How long should I wait to get the COVID-19 vaccine if I just got another vaccine?
Right now, there are no studies that show that the COVID-19 vaccine interacts with any other vaccine. In order to be safe and cautious, however, experts recommend getting the COVID-19 vaccine by itself with at least two weeks between different vaccines in the unlikely event of a reaction.
How can I convince my vaccine-hesitant or vaccine-opposed loved ones to get the vaccine?
The decision to get a vaccine, especially a new one, is highly personal and a sensitive subject for some. In full transparency, Stamford Health is not mandating this vaccine for staff in order to respect any wishes or hesitations. Over the years, our best expert guidance has always been to present those you care about with 3 key considerations:
- Vaccines don’t work effectively to protect the population unless enough people get them. This collective defense is called “herd immunity.”
- In most cases, vaccines are the best defense against a preventable infectious disease.
- Regardless of your decision, make every effort to protect those around you. Remember to practice the 4 W’s: Wash your hands, Wear a mask, Wipe down surfaces and Watch your distance.
When will I develop immunity to COVID-19 after getting the vaccine?
There is a small response seen after the first dose, but a robust immune response is seen 1-2 weeks after the second dose. It is very important to get both doses of vaccine.
How long will the vaccine protect me from COVID-19?
While the studies haven’t indicated how long protection will last, early data show the COVID-19 vaccine is very effective for several months after the second dose. The degree of protection might be different for people who are immunocompromised, but the vaccine can still be given safely. Booster doses might be needed in the future, but this is still being studied.
Why do I still need to wear my mask and practice social distancing even after receiving both doses of the vaccine?
While the vaccine is extremely effective, a small percentage of those who receive it may not be fully protected, so we need to continue to practice the 4 Ws: Wear a mask, Wash your hands, Wipe down surfaces and Watch your distance.
Again, the vaccine will give us the opportunity to be more proactive in our response to COVID-19 as a community, but stopping a global pandemic requires that we use all tools available to us.

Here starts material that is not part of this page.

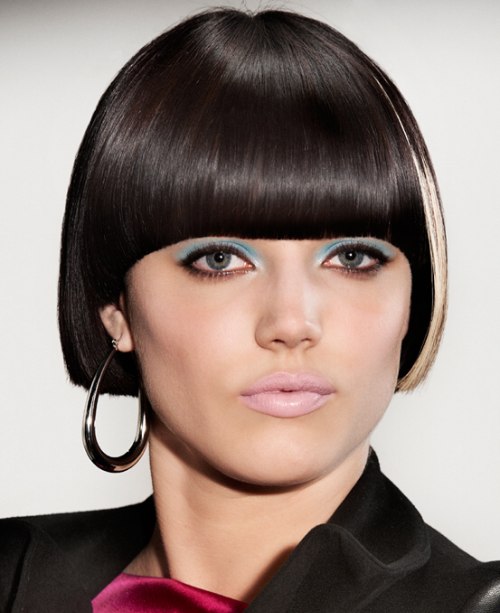 Absolutely Stunning Bob Hairstyles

Read more about what to do after your COVID-19 vaccine.
Should I wait to get my mammogram after my COVID-19 vaccine? I keep hearing that a side effect of the vaccine is swollen lymph nodes, which can present as a false “finding” on a mammogram.

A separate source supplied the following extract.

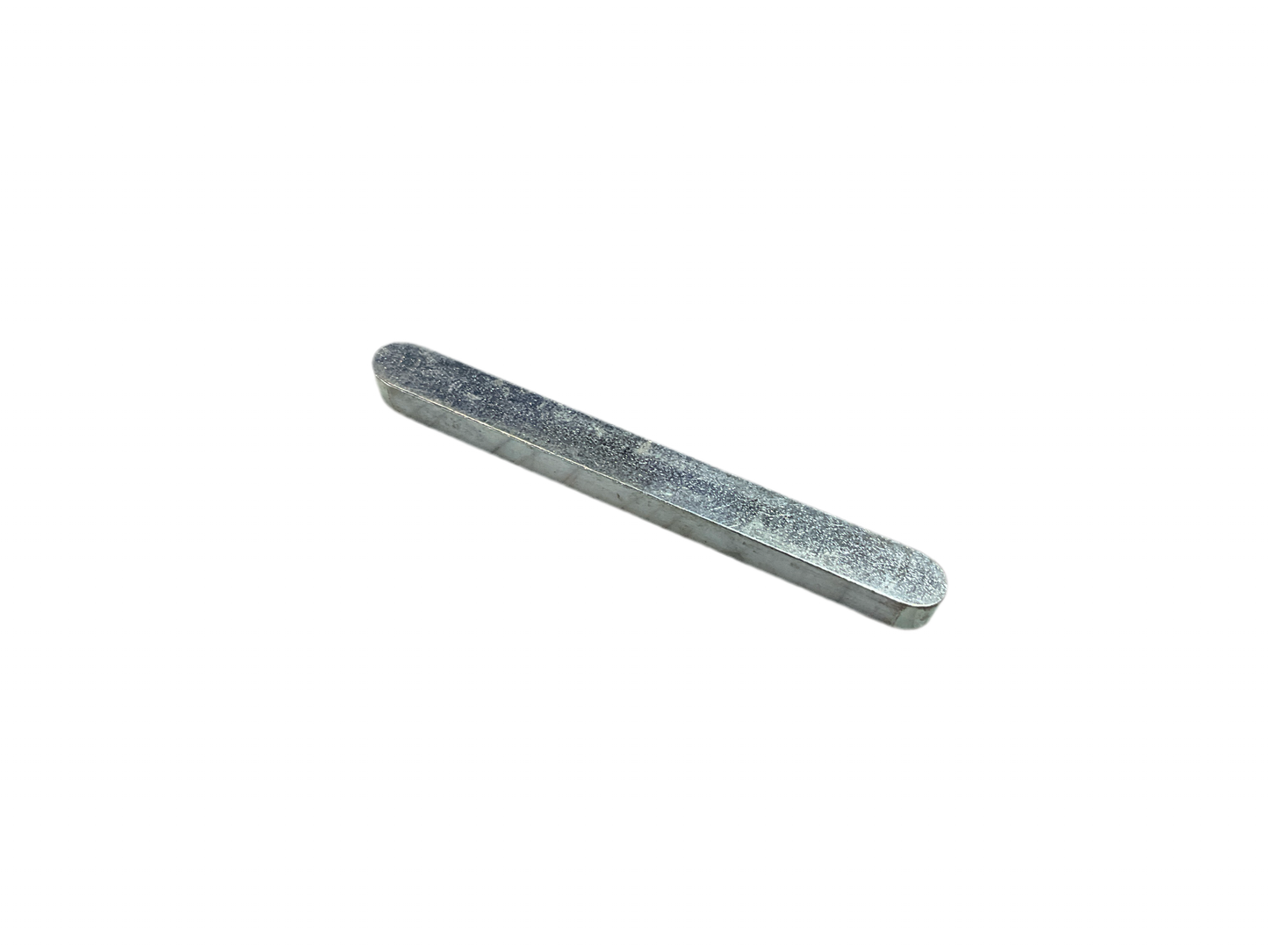 Cuña Para Eje Lisa 80 X 7 X 8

Yes. According to the Society of Breast Imaging, you should plan your mammogram around your vaccine. One side effect of the vaccine is swollen lymph nodes in the underarm area in response to injection site inflammation caused by the vaccine. When your breast radiologist sees swollen lymph nodes on a mammogram, it often requires further investigation. So in order to avoid false positives and unnecessary anxiety, experts recommend either scheduling your mammogram before your vaccine, or waiting until 4-6 weeks after your vaccination.
I keep hearing about the COVID-19 vaccine and testing for tuberculosis. What do I need to know?

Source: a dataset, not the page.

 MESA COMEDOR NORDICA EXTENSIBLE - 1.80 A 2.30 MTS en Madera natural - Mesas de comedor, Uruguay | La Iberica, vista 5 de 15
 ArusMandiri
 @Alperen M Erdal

There is no link between COVID-19 and tuberculosis. Although both infections attack the lungs, they present very differently. Because it is unknown whether the COVID-19 vaccine might change the reliability of TB testing (either the skin test or the blood test), right now it is recommended to have your TB test before your COVID-19 vaccination, or at least 4 weeks after completing the vaccine series.